How To: Do fiberglass on a Neon Door Panel!!!
How To: Do fiberglass on a Neon Door Panel!!!
ok, this is not a project log but it is at the same time. it is not finished but i will post new pictures day by day and once its done you can just look thru here and read how to do it. i will be doing my front doors but not right now, that wont be a how too. after this door is done i will update my WINTER PROJECT (fusion) project log. oh and i will describ it like i would want to read it. so lets get too it.
(picture 1) this is everything you will need to make ur fiberglass.
1.any type of resin, they say some brands are better then others but iv come to learn if you use the whole can within a week its just as good as any other brand, i use walmart brand. oh and buy a extra liquid hardner tube, they never give you enough.
2. two mixing cups with 2 brushes you have to use a new brush with every time you use resin, cuz it hardens up and you cant reuse the brush.

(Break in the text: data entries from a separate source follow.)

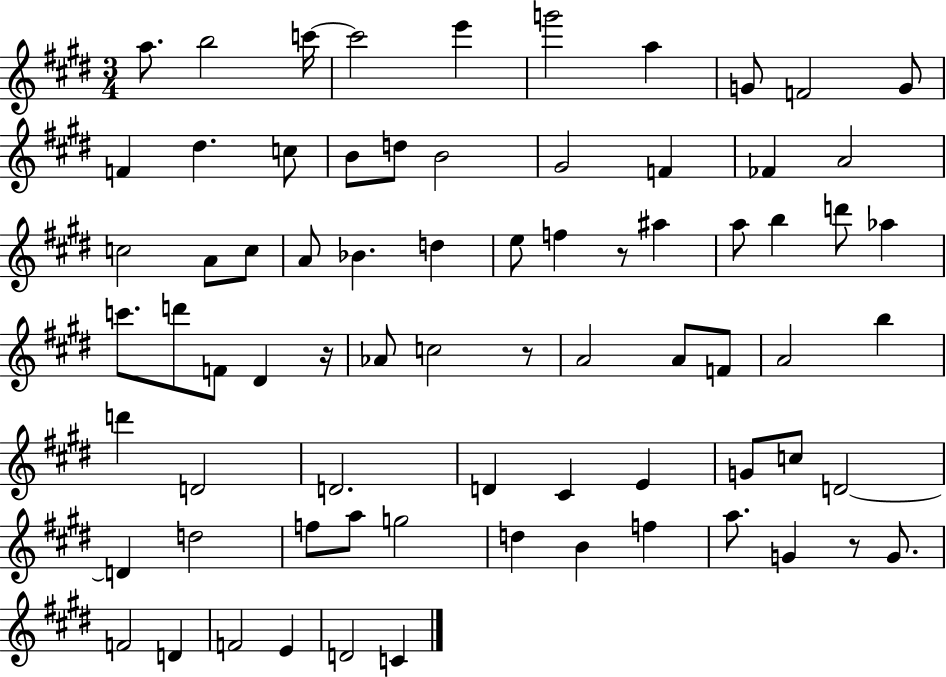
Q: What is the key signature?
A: E major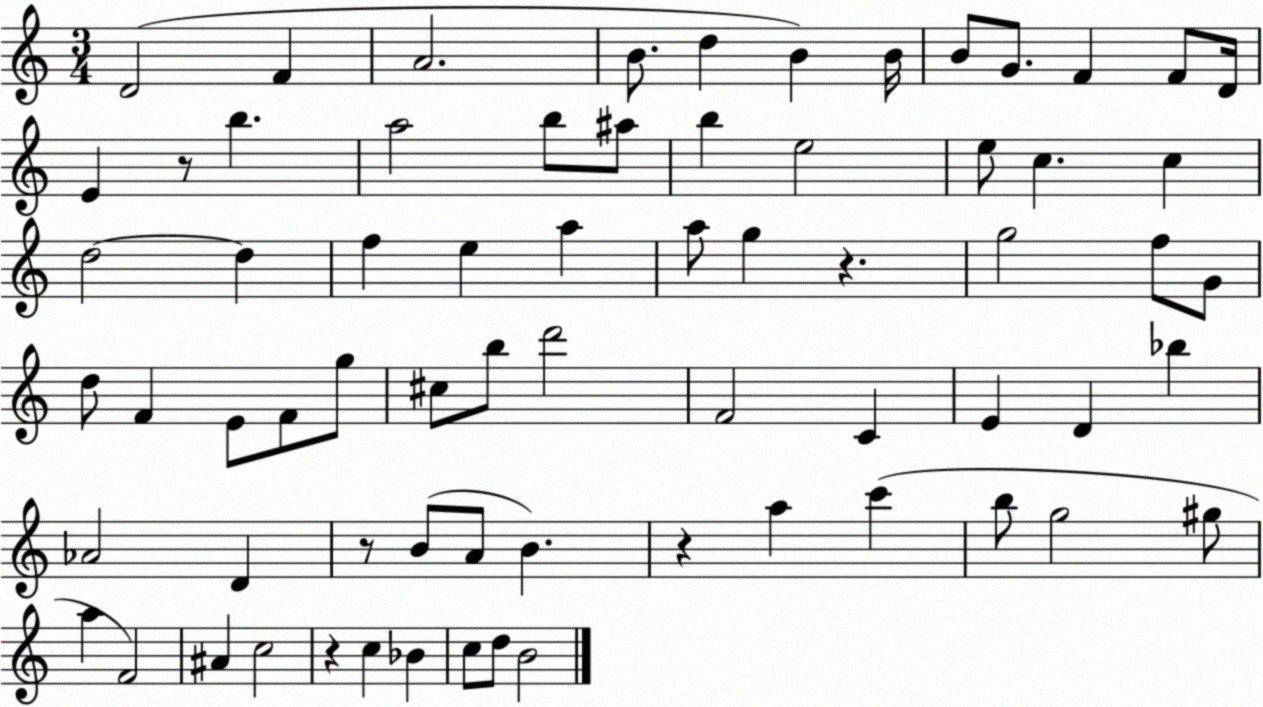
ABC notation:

X:1
T:Untitled
M:3/4
L:1/4
K:C
D2 F A2 B/2 d B B/4 B/2 G/2 F F/2 D/4 E z/2 b a2 b/2 ^a/2 b e2 e/2 c c d2 d f e a a/2 g z g2 f/2 G/2 d/2 F E/2 F/2 g/2 ^c/2 b/2 d'2 F2 C E D _b _A2 D z/2 B/2 A/2 B z a c' b/2 g2 ^g/2 a F2 ^A c2 z c _B c/2 d/2 B2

3.cheap semi strechy fabric, not too strechy but get somethin that will strech a little.
4. chop matt this is what makes it strong.
5. BONDO GLASS your best friend, it has fiberglass strans in it. better then bondo this is also the strong point.
6.any type of body filler i have bondo brand but i have some left over so im gonna use it. i prefer z grip
7. staple gun the more powerful the better, air is the best but as u can see i bought a 10 dollar one that will do fine for this application. im using 5/16th staples.
8. sand paper and somethin to sand with like a 6" block. the laquer thinner is just to clean ur stuff, like ur plastic applicator.
9. the commpressor is for my air brush gun not a DA, i dont advice using this on such a small piece. also if i leave anything out ill be sure and add it as i go along
ok here is where i left off on my WINTER PROJECT(fusion) all i did was melt the 2 plastics together. and this is what i will be fiberglassing.
here i lay out the cheap fabric across the entire panel, i got a yard just to start out, if i need more it was only a 1$.
here i begin to use my stable gun and staple on the bottom lip and work my way to the right, making sure its straight and NO RINKELS.
once i got a good start i cut off the excess fabric i got to the middle line i put one staple at the top to hold it and i can pull slightly and a little taught to get all rinkels out.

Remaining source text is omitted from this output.